-- Provided records follows --

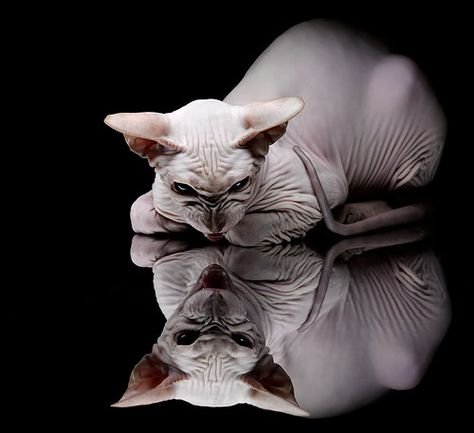 Коты сфинксы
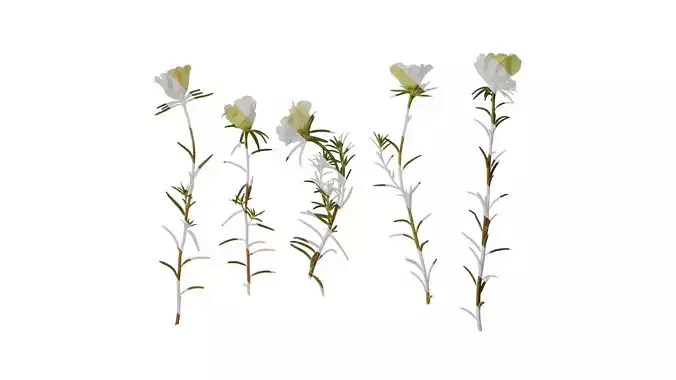 Anydrafts Portulaca grandiflora Atlas 07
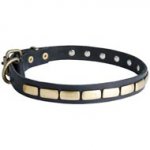 Dog Leather Collar Brass Plates 25 mm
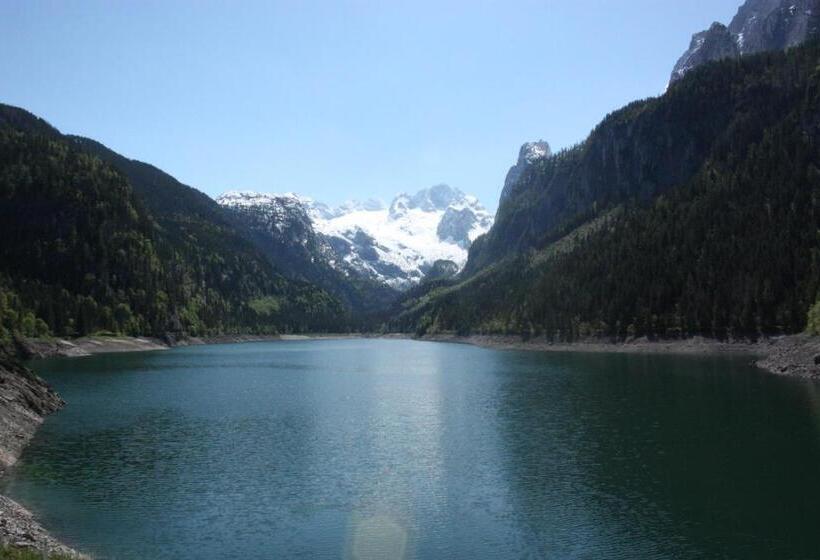 Номер Superior Одноместный, Gasthof Gosausee
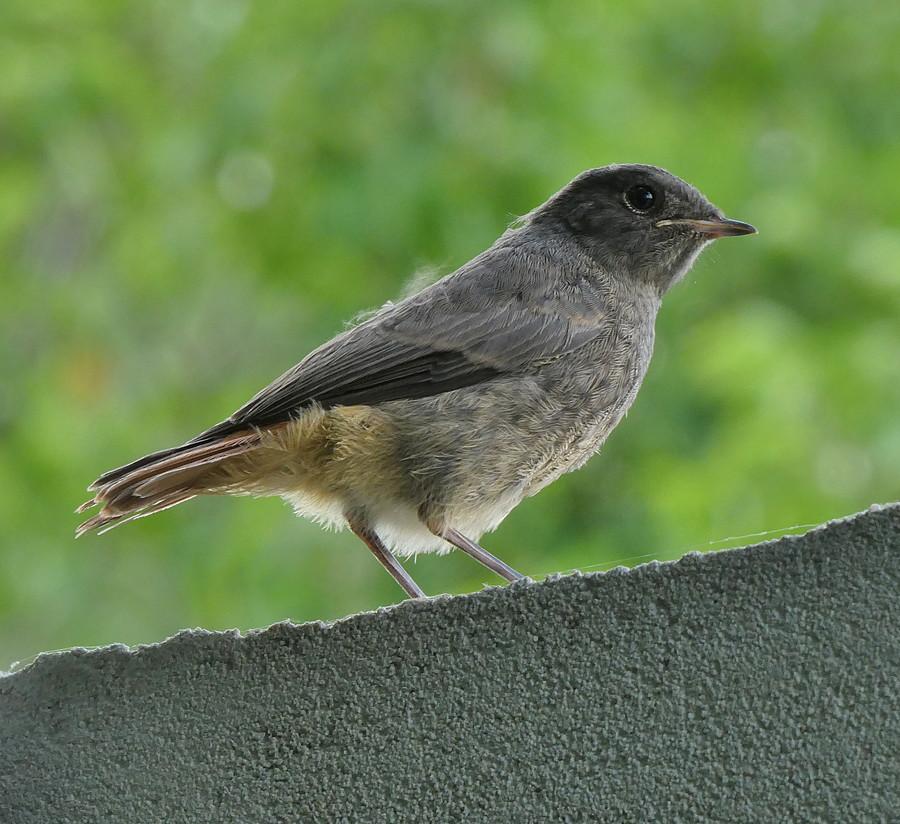 Kopciuszek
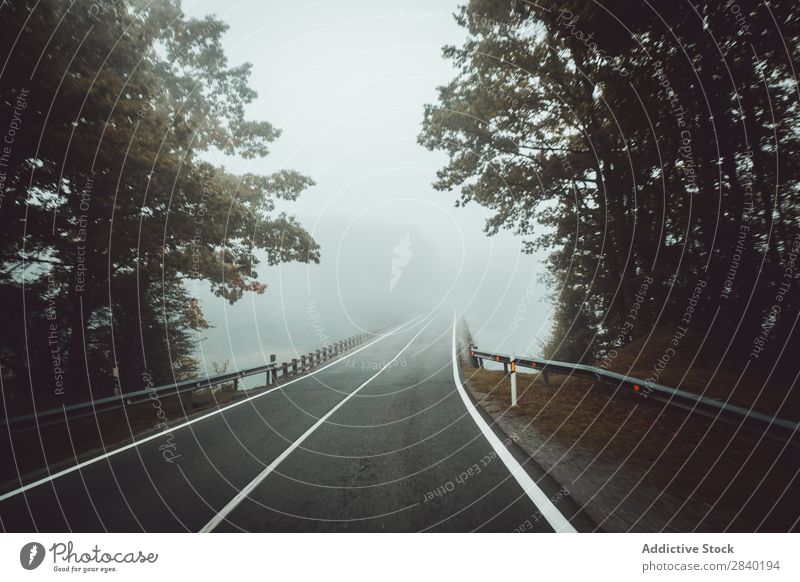 Straße im nebligen Wald Nebel Wetter Dunkelheit Mysterium Natur Herbst Landschaft Zauberei u. Magie Jahreszeiten Außenaufnahme reisend Fahrbahn dunkel Dunst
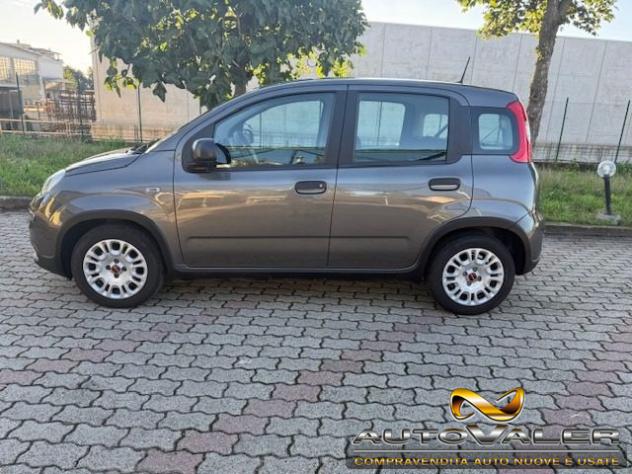 FIAT Panda 1.0 FireFly S&S Hybrid rif. 23767226 - Foto 6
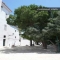 T1 em Alfama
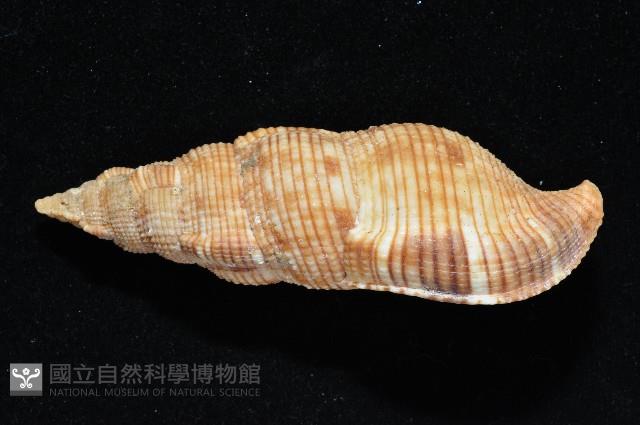 梭氏布紋螺藏品圖，第4張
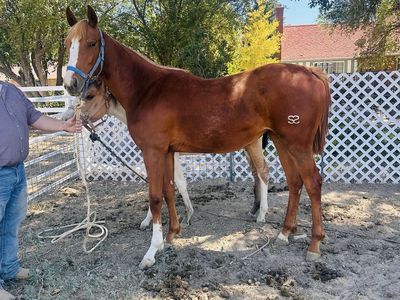 2025 AQHA Filly (PYC, Curlin, Corona Cartel)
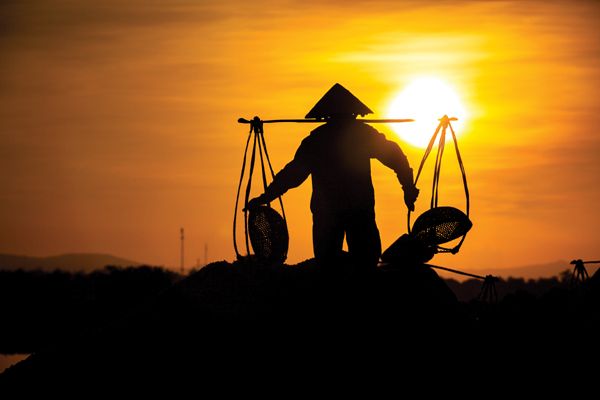Hình ảnh minh họa (Nguồn: Internet)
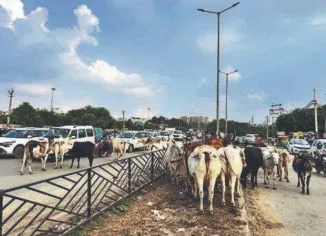Odisha Govt Plans Cattle Shelters Along NHs to Curb Stray Cattle Accidents: Minister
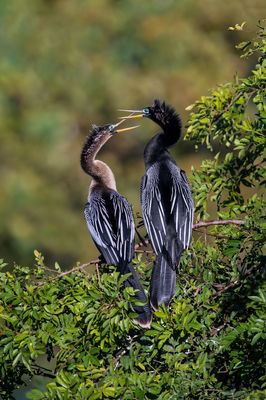 Anhinga d'Amérique -- Anhinga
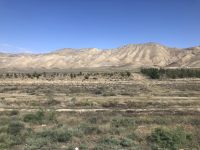 Aufforstungsversuche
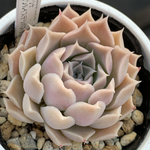 人気原種！★ヒアリナサンルイスデラパス 実生 多肉植物 ケーレス 自家実生苗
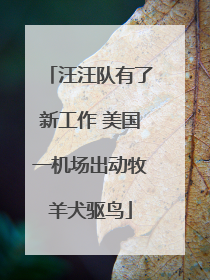 汪汪队有了新工作 美国一机场出动牧羊犬驱鸟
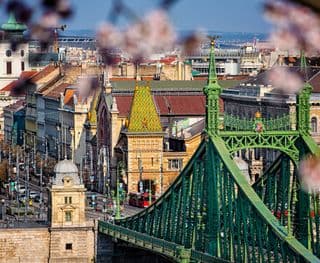 Liberty Bridge in Spring Blossoms, Budapest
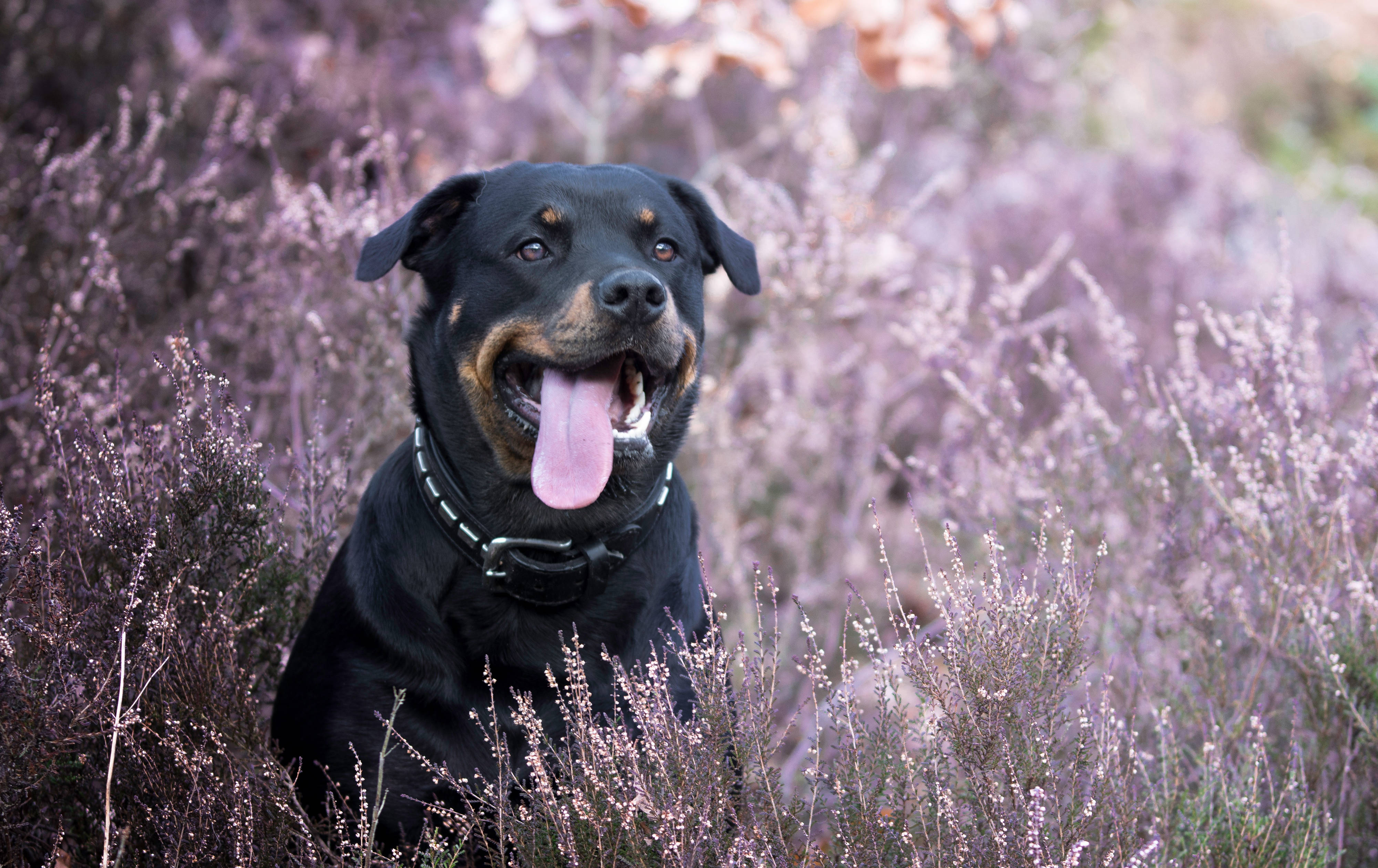 羅威納犬與薰衣草 壁紙 — 一隻開心的洛威拿伸出舌頭，坐在柔和自然光中的紫色石楠叢中。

-- Provided records concluded --

• Your instructions: Return only the lines that start at the line containing "Aufforstungsversuche" and finish at the last line of the entries, exactly as written and without pictures.

• Answer to this exercise:
 Aufforstungsversuche
 人気原種！★ヒアリナサンルイスデラパス 実生 多肉植物 ケーレス 自家実生苗
 汪汪队有了新工作 美国一机场出动牧羊犬驱鸟
 Liberty Bridge in Spring Blossoms, Budapest
 羅威納犬與薰衣草 壁紙 — 一隻開心的洛威拿伸出舌頭，坐在柔和自然光中的紫色石楠叢中。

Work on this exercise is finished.